Is this singleton lazy initializated?

1
votes

I have code like this:

class Singleton {

    private static final Singleton INSTANCE = new Singleton();

    private Singleton() {
        System.out.println("Singleton constructed.");
    }

    public static Singleton getInstance() {
        return INSTANCE;
    }

}

When we don't have any other static method that getInstance, is this singleton lazy initializated? As far as I know class is initialized only in some cases, like:

  1. An Instance of class is created using either new() keyword or using reflection using class.forName(), which may throw ClassNotFoundException in Java.
  2. An static method of Class is invoked.
  3. An static field of Class is assigned.
  4. An static field of class is used which is not a constant variable.
  5. If Class is a top level class and an assert statement lexically nested within class is executed.

(Surce: http://javarevisited.blogspot.com/2012/07/when-class-loading-initialization-java-example.html#ixzz4IjIe2Rf5)

So when the only static method is getInstance and constructor is private there is no possibility to initialize Singleton class in any other way than using getInstance method (apart from reflection). So the object is created only when we need it so it's a lazy initialization, right? Or maybe I missed something?

5
javasingletonlazy-initialization

5 Answers

2
votes

You mentioned static methods and private constructor. Add another static field, something like:

static int NUMBER = 13;

in your Singleton class. And in the main method of other class:

System.out.println(Singleton.NUMBER);

then, you will see that your Singleton is not lazy initialized.

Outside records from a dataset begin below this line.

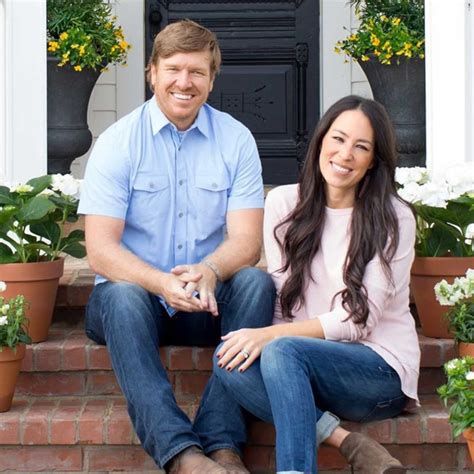 Fun Facts About Chip And Joanna Gaines Hgtvs Fixer Upper Stars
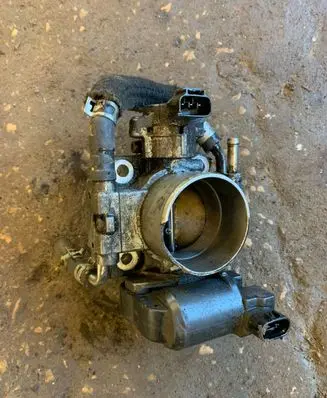 Toyota RAV 4 (XA30) Throttle valve 1923002010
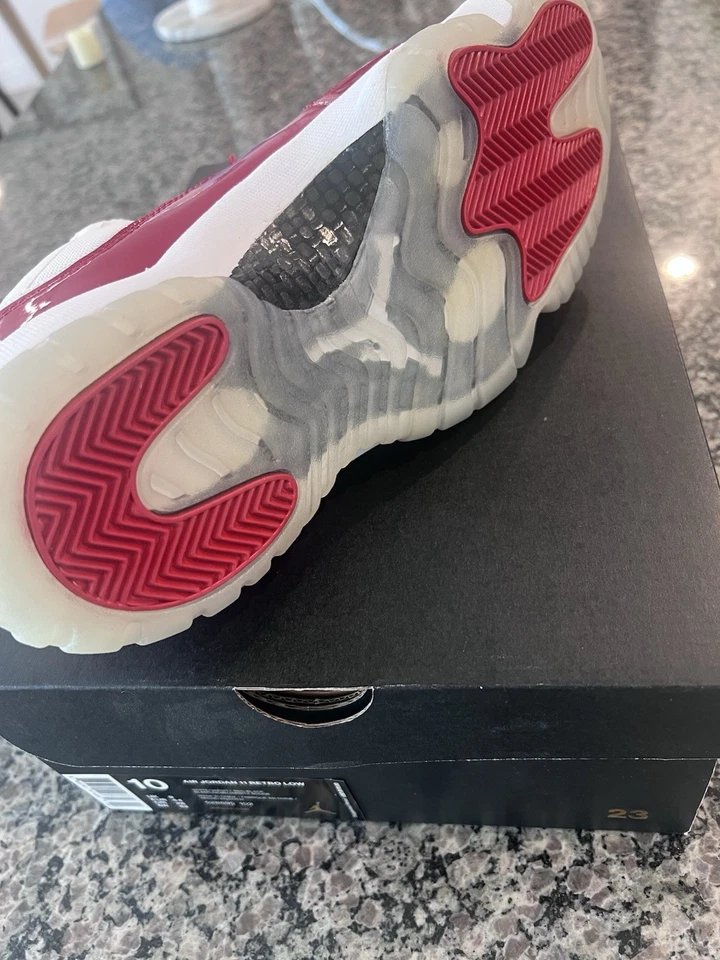 DS Jordan 11 Retro Low Cherry 2016 Sz 10 - Изображение 4 из 4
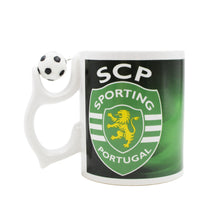 Load image into Gallery viewer, Sporting Clube de Portugal SCP Mug with Ball on Handle with Gift Box
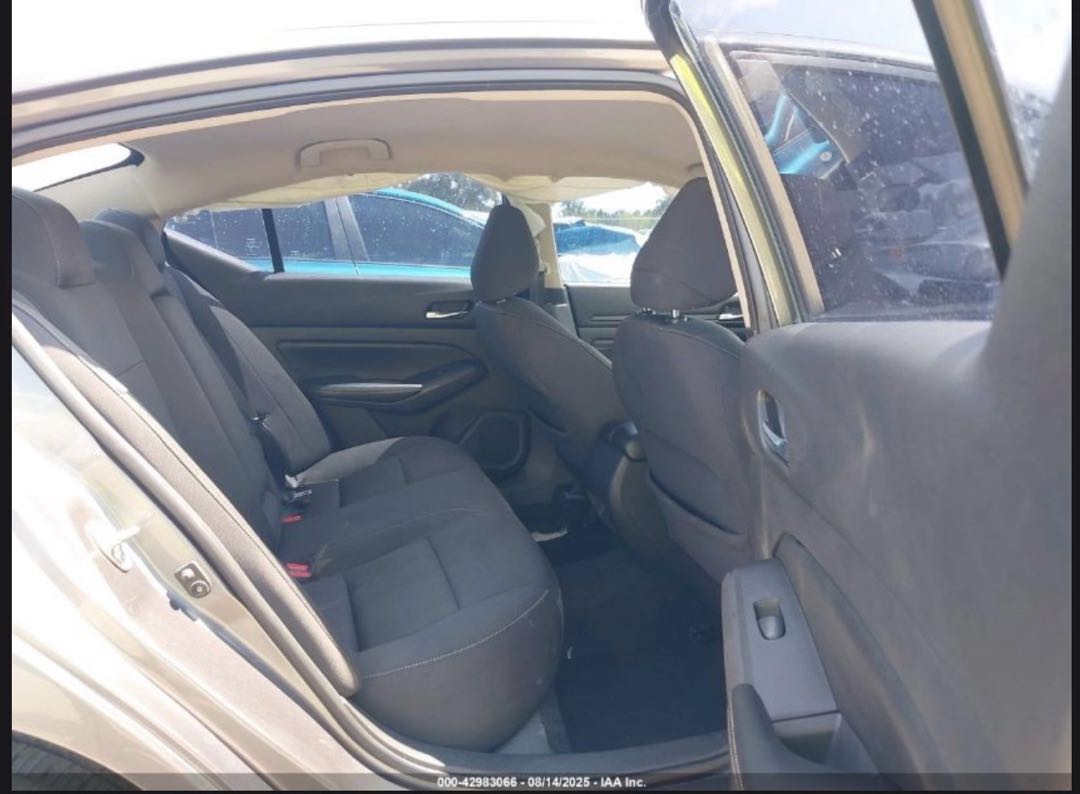 Car Image 2019 NISSAN ALTIMA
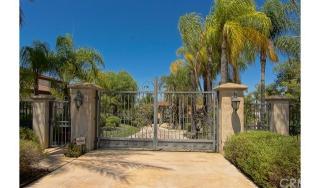423 Cleveland Way, Corona, CA 92881-5911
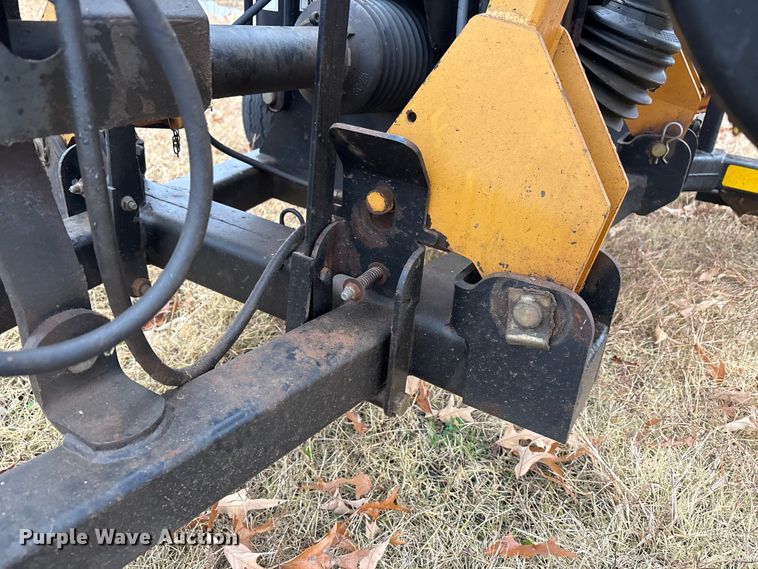 image for item DT4652 Woods batwing finish mower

BUT, when your field is static FINAL:

static final int NUMBER = 13;

the Singleton is lazy initialized.

What is more, when you add static and non-static initialization blocks in your Singleton class:

{
    System.out.println("non-static");
}

static {
    System.out.println("static");
}

the order is: non-static, private constructor and then static, because you are instatiating an object as a value of static field. So, it is very tricky :)

In summary, in some cases your Singleton may be considered as lazy initialized but it is not in general.

2
votes

It's initialized immediately so no, it's not. Typically a lazy initialization means you initialize it when you try to actually retrieve it but the field isn't initialized yet.

Lazy initialization is not about the class initializing -- it's about the field that's contained in it. In your case as soon as the class is loaded, the field will be initialized immediately.

Your example adapted to use lazy initialization:

class Singleton {
    private static Singleton INSTANCE;

    private Singleton() {
        System.out.println("Singleton constructed.");
    }

    public static Singleton getInstance() {
        if(INSTANCE == null) {
            INSTANCE = new Singleton();
        }
        return INSTANCE;
    }
}

This will only construct the singleton when it is actually requested and not just when the Singleton class is loaded in memory. In your situation, if it is loaded in memory then its static fields would be initialized (including your singleton field).

1
votes

EDIT: I was wrong. A class is NOT loaded just by referencing it, like below:

System.out.println(Singleton.class);

A class is loaded by the class loader as soon as an instance is created, a static member is referenced, or by loading it programmatically:

Class<?> clazz = Class.forName("Singleton"); // fully qualified classname

The above statement causes the class to be loaded, and all static members and blocks will be processed in order of appearance in the class. In your example class this will cause the INSTANCE variable to be initialized (and the message to be printed to System.out). This proves that your approach does not guarantee lazy loading.

A better way to implement a lazy loading singleton is with the Singleton holder pattern:

class Singleton {

    private static class Holder {
        private static final Singleton INSTANCE = new Singleton();
    }

    private Singleton() {
        // hide constructor
    }

    public static Singleton getInstance() {
        return Holder.INSTANCE;
    }

}
0
votes

No, it is not lazy initialized. Lazy mean on first call or never. In your case it is not on first call.

You can pass lazy initialization problem to SingletonHolder class. It will be initialized on first getInstance call.

public class Singleton {
    private Singleton() {}

    private static class SingletonHolder {
        private static final Singleton instance = new Singleton();
    }

    public static Singleton getInstance() {
        return SingletonHolder.instance;
    }
}
0
votes

If you're using .NET 4 (or higher), John Skeet recommends you do the following:

You can use the System.Lazy type to make the laziness really simple. All you need to do is pass a delegate to the constructor which calls the Singleton constructor - which is done most easily with a lambda expression.

public sealed class Singleton
{
    private static readonly Lazy<Singleton> lazy = new Lazy<Singleton> (() => new 
                            Singleton());

    public static Singleton Instance { get { return lazy.Value; } }

    private Singleton()
    {
    }
 }

It's simple and performs well. It also allows you to check whether or not the instance has been created yet with the IsValueCreated property, if you need that.

The code above implicitly uses LazyThreadSafetyMode.ExecutionAndPublication as the thread safety mode for the Lazy. Depending on your requirements, you may wish to experiment with other modes.